A correspondence audit is a field experiment method of research popular with sociologists, economists and political scientists who study discrimination. It’s often done covertly, with participants unaware they’re being surveyed. Gaddis acknowledged it’s an ethical gray area, and it sometimes can be harder to convince university review boards to OK the studies.

“They’re always a little wary of these kinds of studies, to be honest with you, because it’s actually violating some ethical principles that we try not to violate,” he said. “But, essentially, the argument here is that we cannot understand this process, we cannot study this process, if we don’t do this the way that we do it.”

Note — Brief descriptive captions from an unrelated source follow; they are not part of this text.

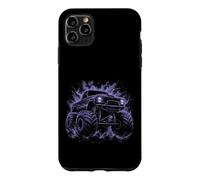 Monster Truck Smokey Design Purple Aura Case for iPhone 11 Pro Max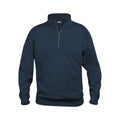 Dunkel-Marineblau - Front - Clique - "Basic" Sweatshirt mit halbem Reißverschluss für Herren-Damen Unisex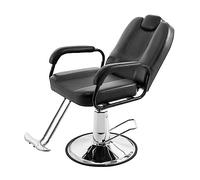 Sedia professionale da barbiere reclinabile con pompa idraulica resistente per salone e spa, supporta fino a 181,4 kg, design ergonomico per il massimo comfort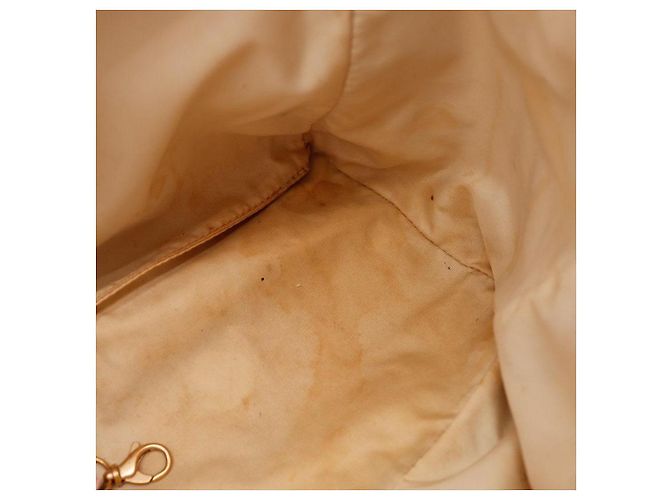 Borsa Tote Chanel in tessuto rosa Beige - vista 8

Penn State political scientist Candis Watts Smith co-wrote “Racial Stasis,” a 2020 book that found that while overt racist attitudes have dwindled, anti-Black animus and racial stereotypes persist in young white America.

Candis Watts Smith (Penn State University)

“This idea that we think that the new generation is going to usher us into a post-racial society is asinine,” she told Atlanta Black Star. “We have little data for that. And what my work shows is that white millennials aren’t as racially progressive as we like to believe.”

Despite claims of post-racial harmony, Watts Smith contends America’s racial progress remains stagnant. She noted that her university’s Black Caucus student organization was “Zoom-bombed” by more than 50 white supremacists during a Jan. 27 virtual meeting.

“I think that our hunch is that we are always going to be walking toward racial progress. But racial progress is not inevitable if we don’t give people the tools to do the things that we want them to do,” Watts Smith said. “So it’s not a surprise what Michael and Raj found. That the hierarchy that we see in all other domains of life — in health, in wealth and income, in return on your investment for higher education, in access to high quality public schooling, in environmental issues — that they find the same pattern in roommate selection.”

Gaddis and Ghosal chalked the inconsistencies up to “social desirability bias,” a tendency for millennials to be less than truthful when asked about their racial attitudes in the post-civil rights era. Gaddis cautioned against relying solely on that research method to guard against respondents give canned answers to save face.

“It’s disheartening to do this kind of research, to be honest, because I don’t want to find these findings, obviously,” Gaddis said. “But at the same time, people like me and other people that do this kind of research, this is consistently what we find.

“There’s a lot of questions that come up about the ethics of it. But in the end, I think they’re still very justified,” he added. “Because it’s not like we’re doing tons of these studies and wasting people’s time and finding that there’s no racial differences. We do the studies, and we find that there are racial differences. I wish there weren’t; I really do. But there are.”